EmbeddedRelated.com
Forums

Adding a percentage to a 16-bit number in 8051

Started by mik3ca 5 years ago15 replieslatest reply 5 years ago1105 views

I am currently using early 8051's in my major project (specifically AT89S52 and AT89C4051 with 22.1184Mhz crystals attached), but one thing I want to be able to do with them is take a 24-bit number stored in XRAM and add a percentage to it. I can easily add two 24-bit numbers together using the following code:

;Load data from NUMBER1 to R4:R3:R2
;R4=most significant byte
;Address NUMBER1+2=most significant byte
mov DPTR,#NUMBER1
movx A,@DPTR
mov R2,A
inc DPL
movx A,@DPTR
mov R3,A
inc DPL
movx A,@DPTR
mov R4,A
;Load old result from NUMBER2 and store new result back into NUMBER2
mov DPTR,#NUMBER2
movx A,@DPTR
add A,R2
movx @DPTR,A
inc DPL
movx A,@DPTR
addc A,R3
movx @DPTR,A
inc DPL
movx A,@DPTR
addc A,R4
movx @DPTR,A


Anyways, What I really want to do is take a 24-bit number and add a percentage to it. The original 24-bit number can be overwritten with the new result.

Here are my thoughts about solving this problem...

Thought 1 - slowest: Increment the memory address by 1 until the full percentage is reached and decrement by something? But then incrementing alone will be a pain as it takes at least 3 cycles per increment and slowness is not desired.

Thought 2 - Shifting: If the percentages to add were of fixed values and were always not prime (example: 2, 4, or 8%), then I could shift the whole 24-bit number a few times and shift again, but afterwards, that's still mundane slow.

Thought 3 - A series of 8-bit MUL: Could I somehow use MUL and something as a carry much like how ADD and ADDC can produce a carry?

As for normal calculation of a percent, I would generally take the number and multiply it by whatever the percent value is at the time and divide by 100 and add the percent value to the result. For example, if the percent value is 13, then I'd multiply the result by 13 and divide by 100. Both multiply and divide are very expensive operations especially when dealing with 16-bits on an 8-bit micro.

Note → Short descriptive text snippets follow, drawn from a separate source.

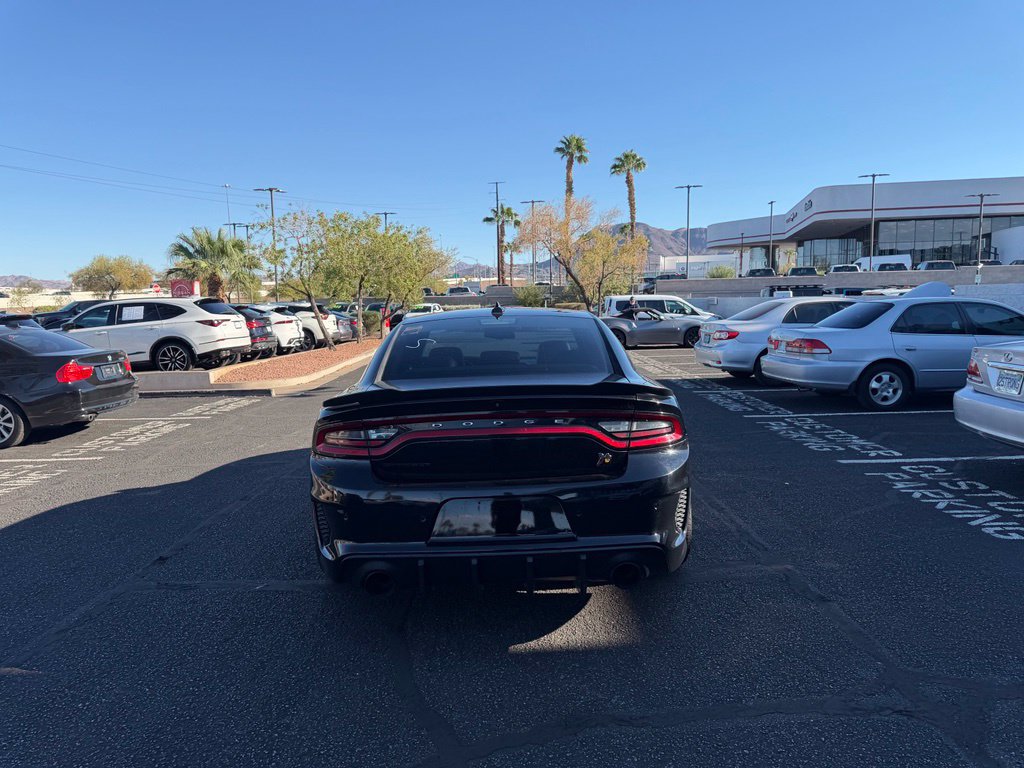 Used 2022 Dodge Charger Scat Pack RWD image 6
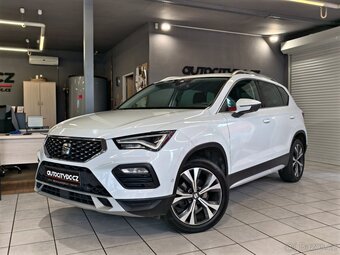 Seat Ateca 1.5 TSi 110kW A/T, XCELLENCE, ČR - 3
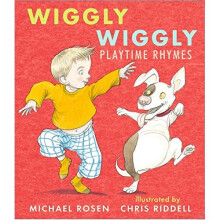 Wiggly Wiggly: Playtime Rhymes
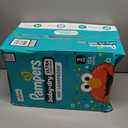 Pampers Diapers - Baby Dry - Size 3, 104 Count, Absorbent Disposable Infant Diaper 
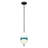 Merci 1 - Light Oil Rubbed Bronze LED Single Pendant-1723836857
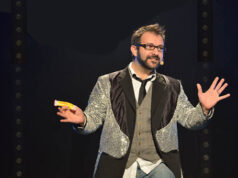 François Martinez aux Blancs Manteaux !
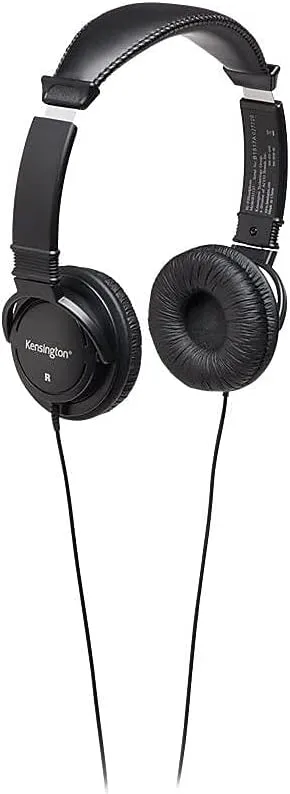KENSINGTON Hi‑Fi Headphones with 3.5mm Jack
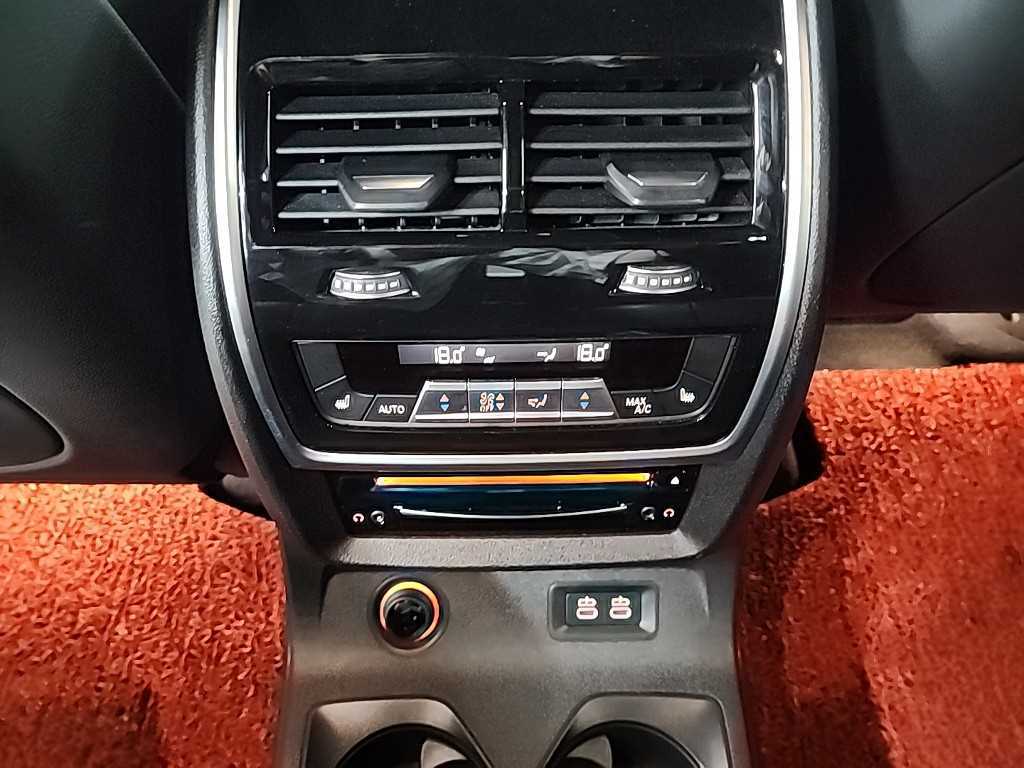 BMW X7 2021 Negro - Importación desde Corea - HF Imports Iquique - Foto 15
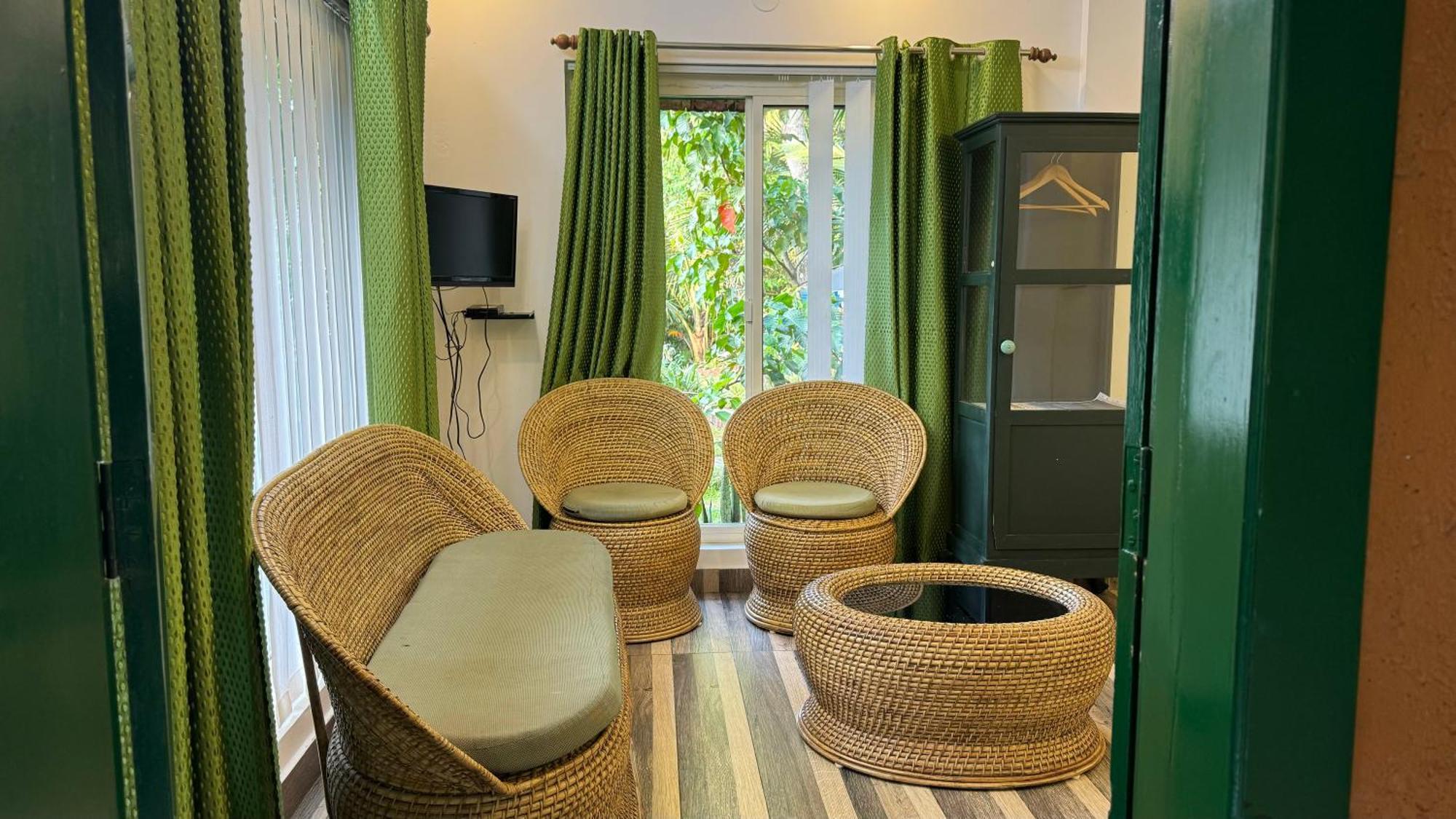 Garggi Kumarakom Village Homestay Buitenkant foto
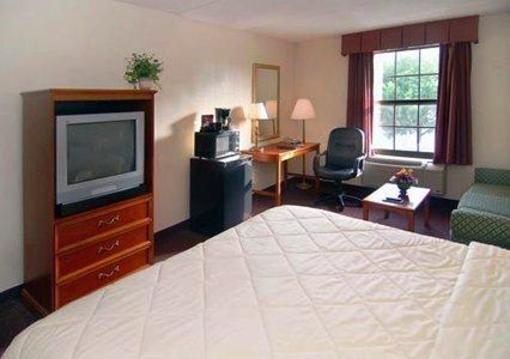 фото отеля Comfort Inn Hotel Newport News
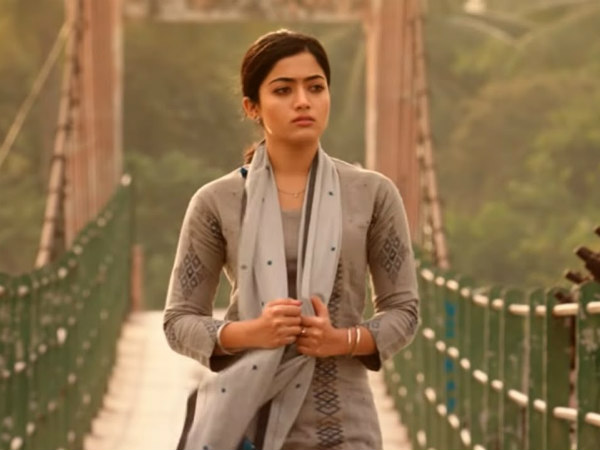 Rashmika Mandanna Rashmika Mandanna
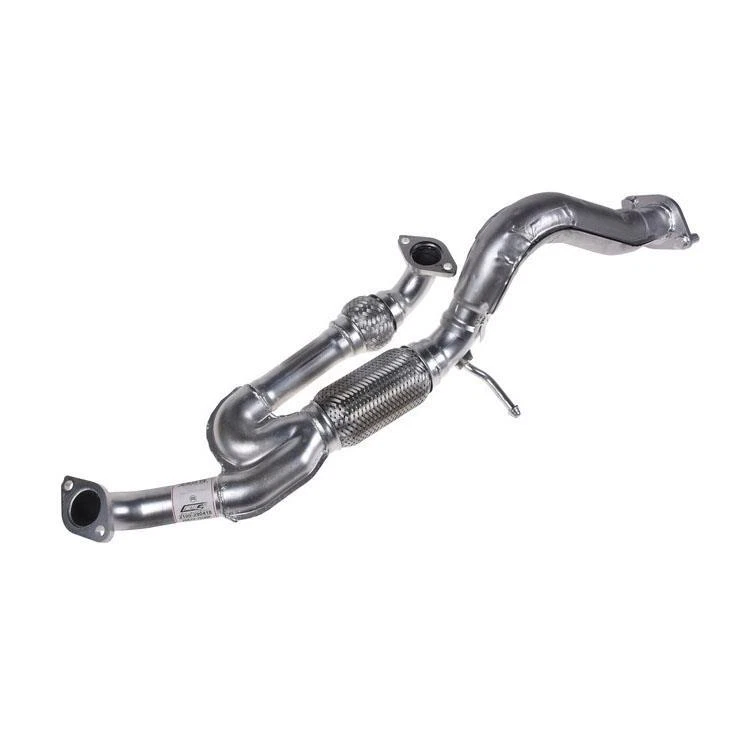 Front Y Pipe for Kia Rondo V6 2.7L 2007 2008 2009 2010 REF # 28610-1D300 - Imagem 2 de 4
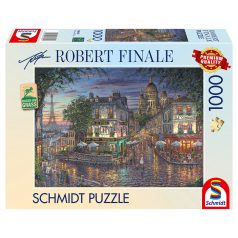   Schmidt Spiele Montmartre (58645) Kirakó ROBERT FINALE 1000 db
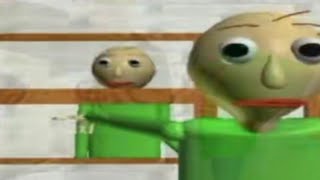 he was making happiness BALDi's Basics (Prisma 3D)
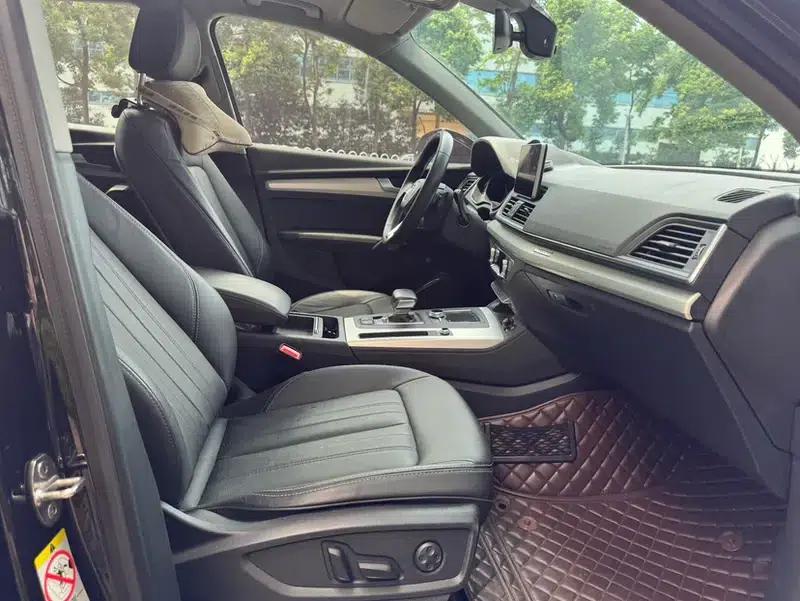 Audi Q5L 2020 Facelift 40 TFSI Luxury Fashion Edition — миниатюра 9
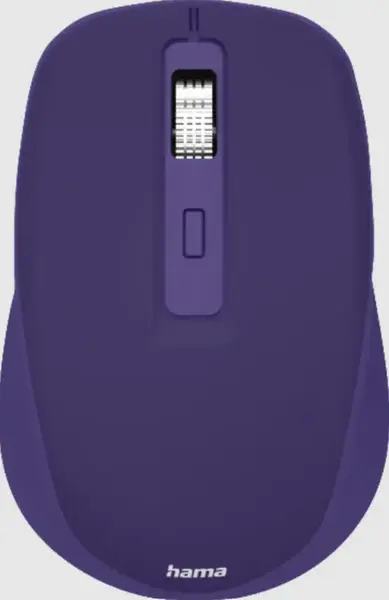 Mouse Hama WM-450, Wireless 2.4Ghz, Bluetooth, USB-A (Mov)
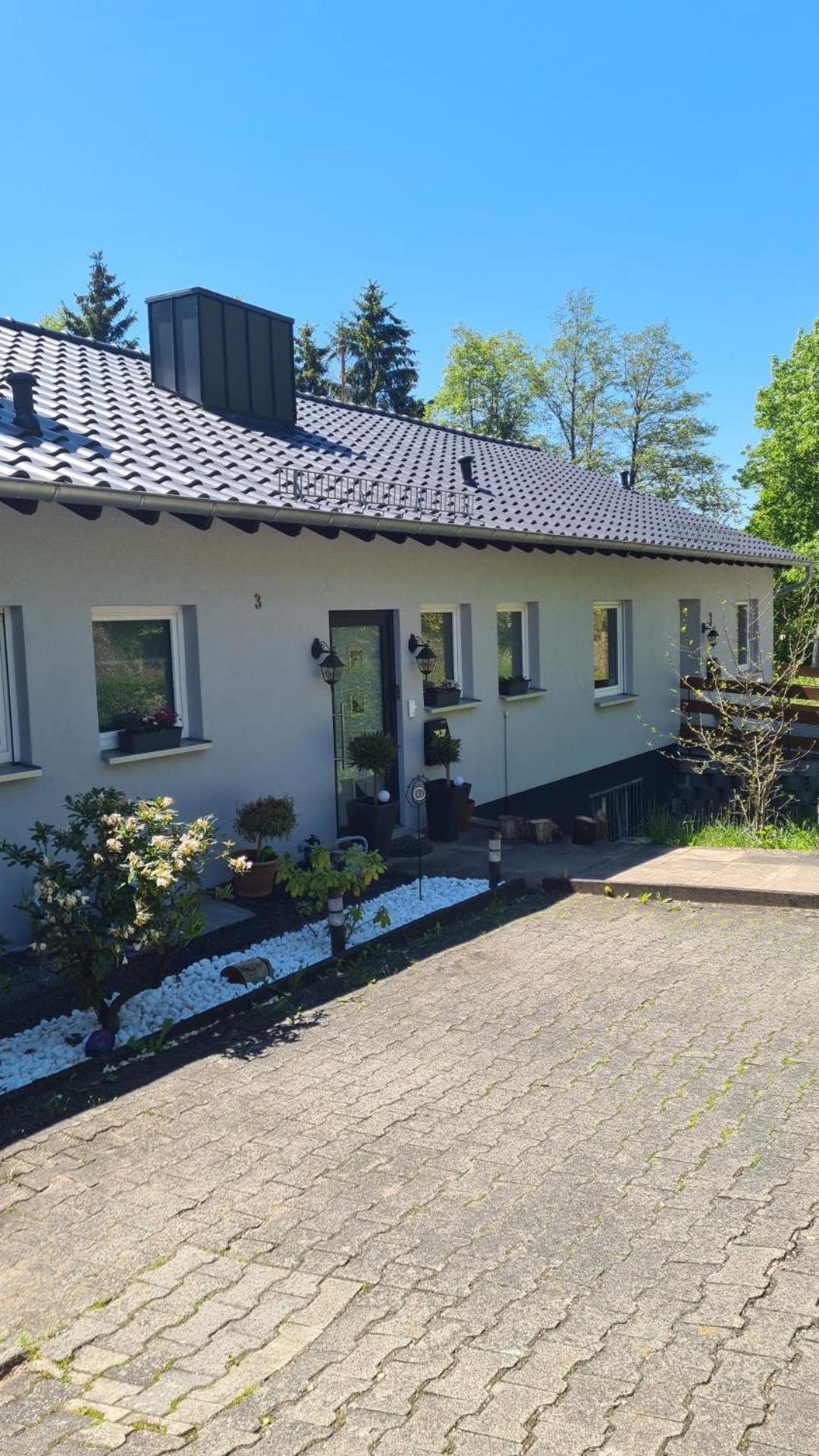 Ferienwohnung „Goettschied“ อิดาร์-โอเบอร์ชไตน์ ภายนอก รูปภาพ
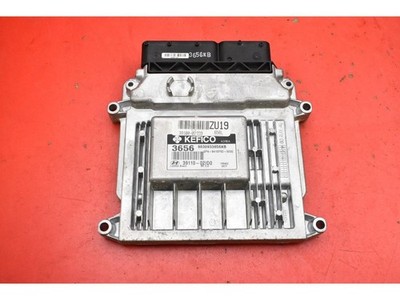 Hyundai i10 2009 Motorsteuergerät Steuergerät 39110-02ID0 MKO438168
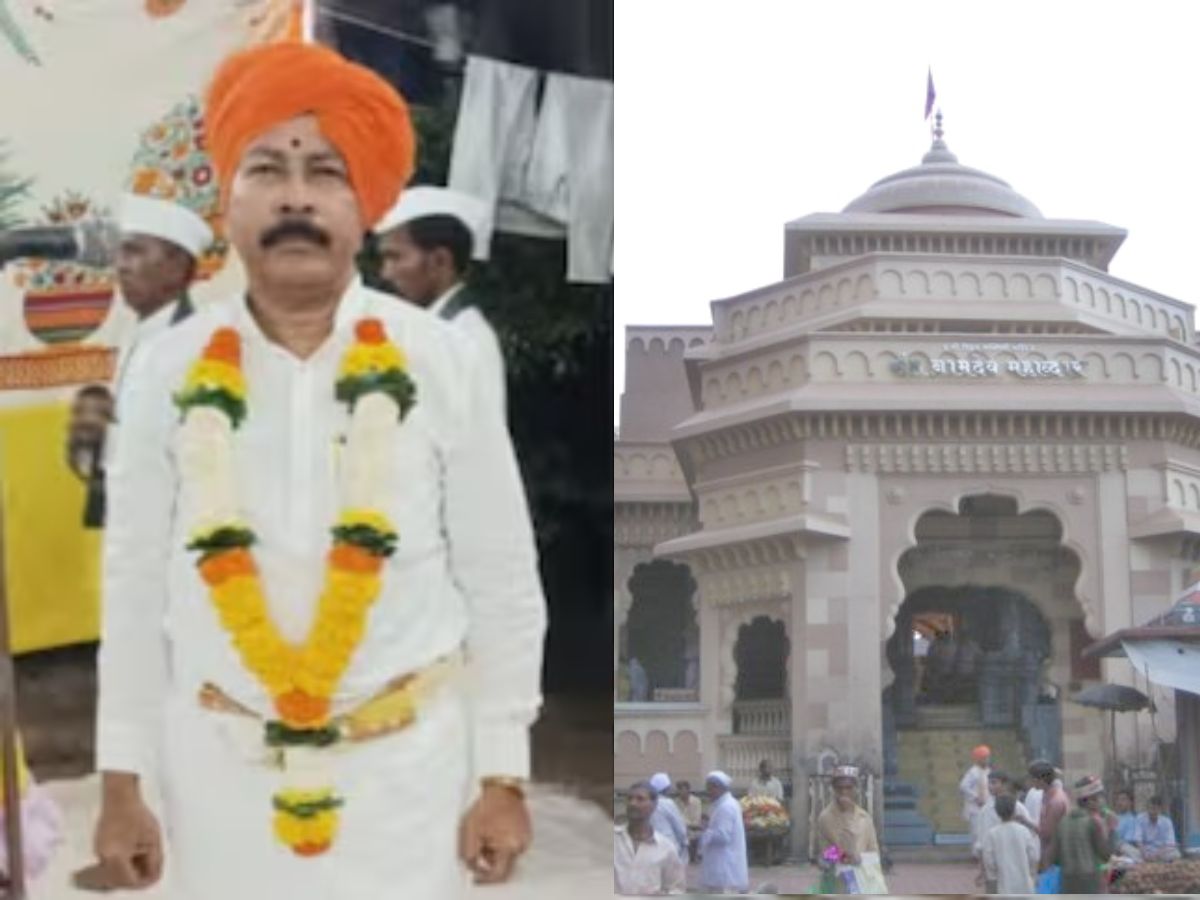 कीर्तनानंतर पांडुरंगाच्या चरणी घेतला अखेरचा श्वास, कार्तिकी एकादशीच्या आधीच प्रसिद्ध कीर्तनकारांचं निधन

How can I tackle this issue without wasting a ton of clock cycles? P.S. let's assume the percent to add is 25.64. Then I would have to shift it to do any math and that makes 2564 a 16-bit number. Any ideas where to start? I mean I searched for this on the internet and found nothing.
[ - ]
Reply by mr_banditDecember 7, 2018

Not quite understanding what you want to do.

1. what are the 24-bit numbers for?

2. are you using fixed point math (eg the 24-bit numbers already *100 for two-bits of resolution)?

2. if your percentage calculates to 25.64, and your results are not using fixed point, the .64 is rounded out

3. shifting is the quickest way to multiply/divide for factors of 2. If you want to multiply by, say 3, binary is 0011. Take a mask of 1000 and AND it with your mult factor. if the AND != 0, then shift by the bit position of the mask.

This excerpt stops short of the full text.